Data block section start

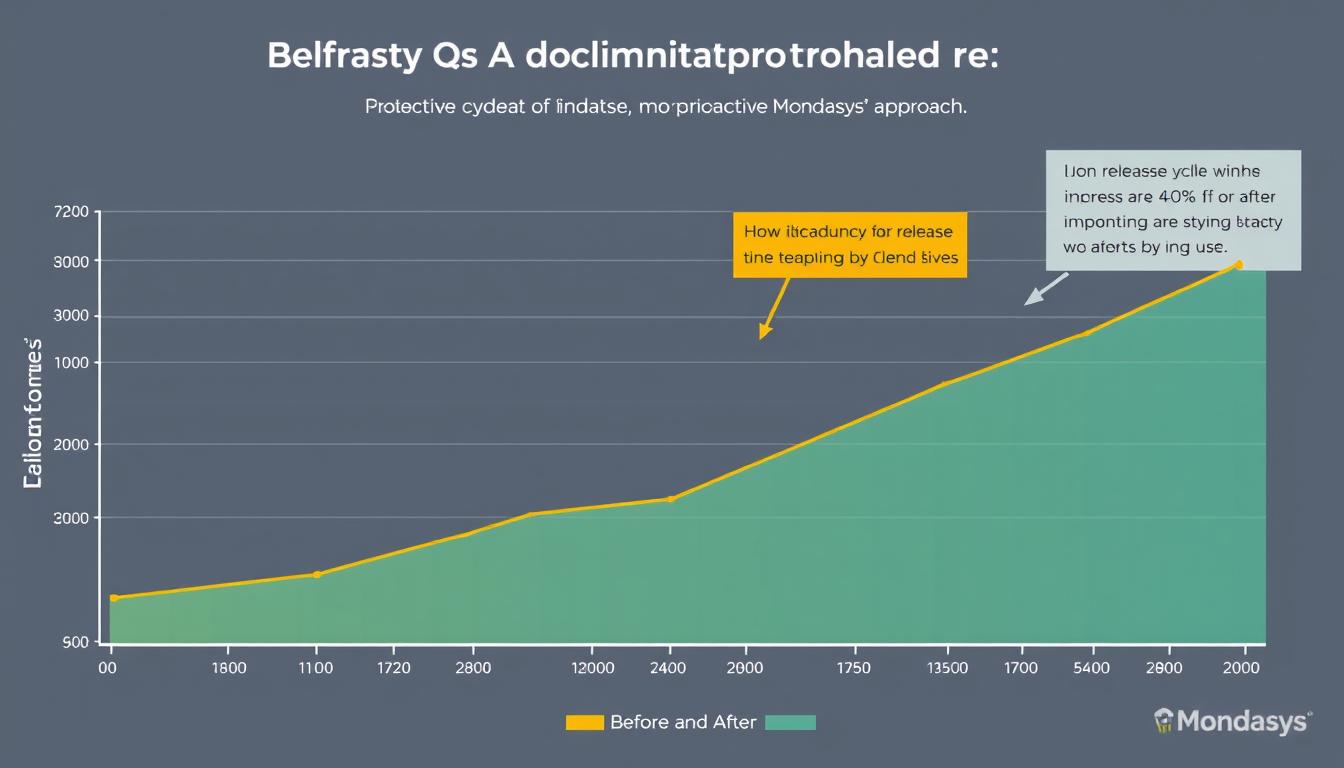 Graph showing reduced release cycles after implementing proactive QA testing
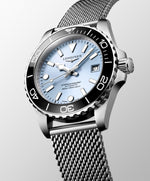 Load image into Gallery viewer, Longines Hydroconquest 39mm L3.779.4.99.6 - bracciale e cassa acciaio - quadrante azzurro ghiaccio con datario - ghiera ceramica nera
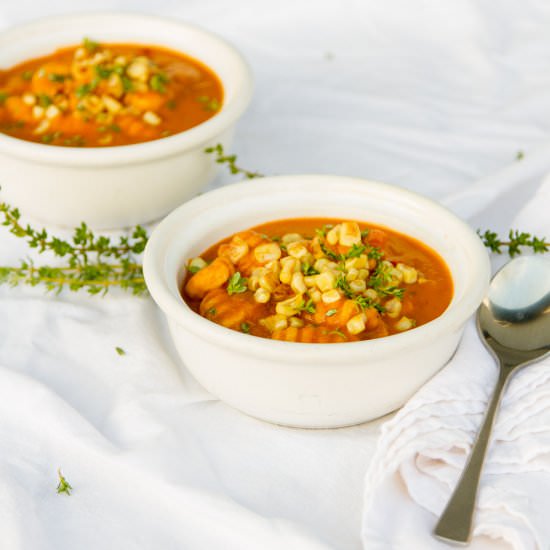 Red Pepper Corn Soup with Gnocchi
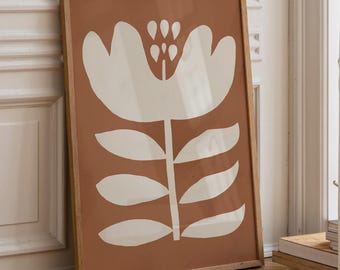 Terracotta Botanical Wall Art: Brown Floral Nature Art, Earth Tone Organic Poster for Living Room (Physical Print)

Data block section end

• **Problem details**: An exact copy of the data above is required, printed without its pictures.

• **Answer to this problem**:
 Graph showing reduced release cycles after implementing proactive QA testing
 Load image into Gallery viewer, Longines Hydroconquest 39mm L3.779.4.99.6 - bracciale e cassa acciaio - quadrante azzurro ghiaccio con datario - ghiera ceramica nera
 Red Pepper Corn Soup with Gnocchi
 Terracotta Botanical Wall Art: Brown Floral Nature Art, Earth Tone Organic Poster for Living Room (Physical Print)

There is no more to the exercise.